((

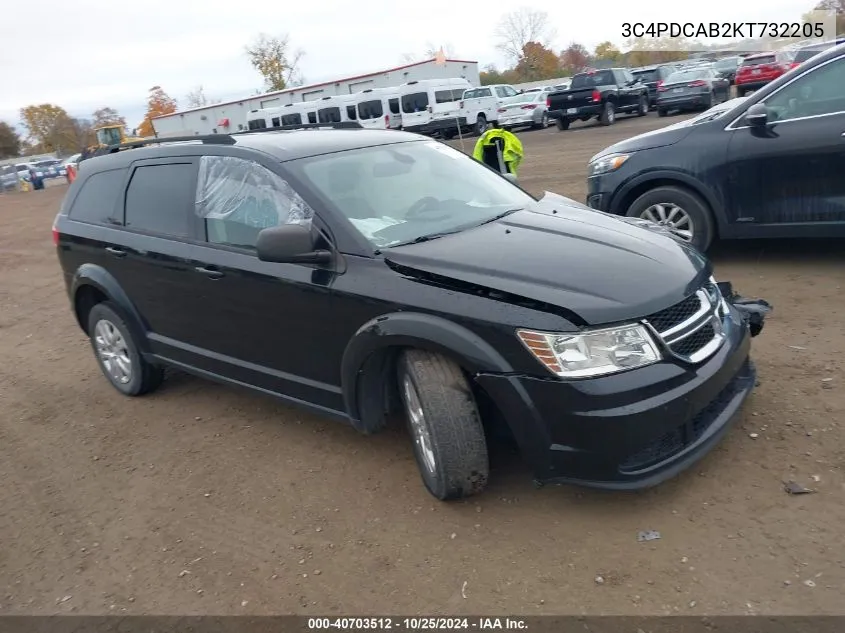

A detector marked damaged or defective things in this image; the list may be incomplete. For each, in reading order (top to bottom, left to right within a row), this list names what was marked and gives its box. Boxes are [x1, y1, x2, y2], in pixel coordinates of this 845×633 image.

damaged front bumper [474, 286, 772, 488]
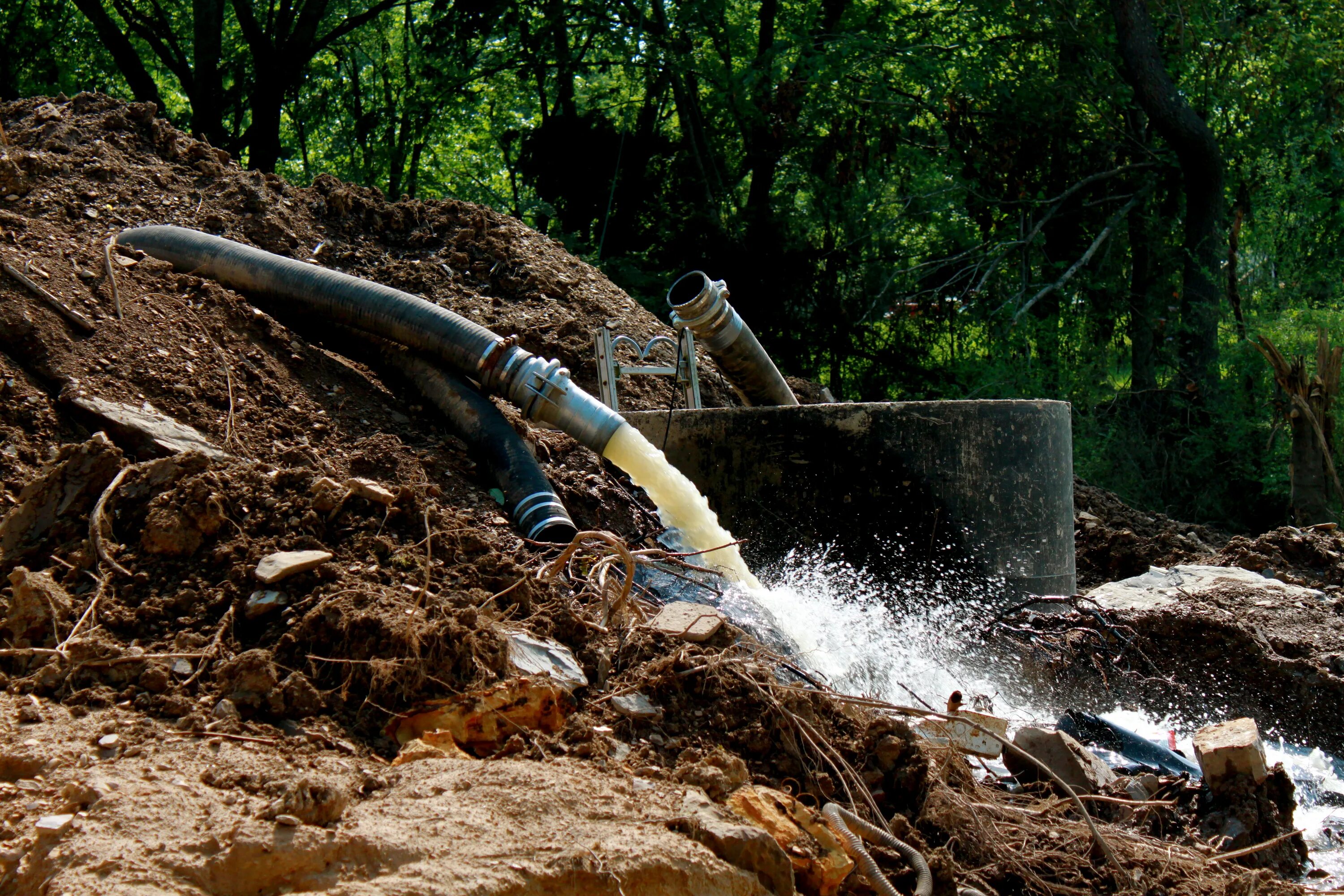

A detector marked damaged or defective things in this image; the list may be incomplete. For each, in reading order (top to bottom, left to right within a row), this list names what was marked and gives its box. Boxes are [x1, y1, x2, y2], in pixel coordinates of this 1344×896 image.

))
((

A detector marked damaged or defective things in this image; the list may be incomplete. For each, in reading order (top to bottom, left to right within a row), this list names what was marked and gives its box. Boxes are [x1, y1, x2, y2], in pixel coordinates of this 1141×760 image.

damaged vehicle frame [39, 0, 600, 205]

))
((

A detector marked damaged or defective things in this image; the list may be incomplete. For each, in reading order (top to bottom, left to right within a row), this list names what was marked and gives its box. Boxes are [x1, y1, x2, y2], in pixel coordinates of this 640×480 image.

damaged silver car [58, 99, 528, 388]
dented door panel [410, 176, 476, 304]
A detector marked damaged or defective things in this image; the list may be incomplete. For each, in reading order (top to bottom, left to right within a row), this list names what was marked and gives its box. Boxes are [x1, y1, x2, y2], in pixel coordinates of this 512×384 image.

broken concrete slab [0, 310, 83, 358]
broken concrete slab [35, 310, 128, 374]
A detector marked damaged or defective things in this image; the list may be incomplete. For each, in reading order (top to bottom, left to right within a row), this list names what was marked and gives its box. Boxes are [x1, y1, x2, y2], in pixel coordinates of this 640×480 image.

))

To do:
In the listing above, find the line with "this 845×633 image." and the line with "this 1344×896 image.". Copy both of them and every line between, exactly, but not the pictures.

Solution to this task:
A detector marked damaged or defective things in this image; the list may be incomplete. For each, in reading order (top to bottom, left to right within a row), this list names what was marked and gives its box. Boxes are [x1, y1, x2, y2], in pixel coordinates of this 845×633 image.

damaged front bumper [474, 286, 772, 488]

A detector marked damaged or defective things in this image; the list may be incomplete. For each, in reading order (top to bottom, left to right within a row), this list names what was marked and gives its box. Boxes are [x1, y1, x2, y2], in pixel coordinates of this 1344×896 image.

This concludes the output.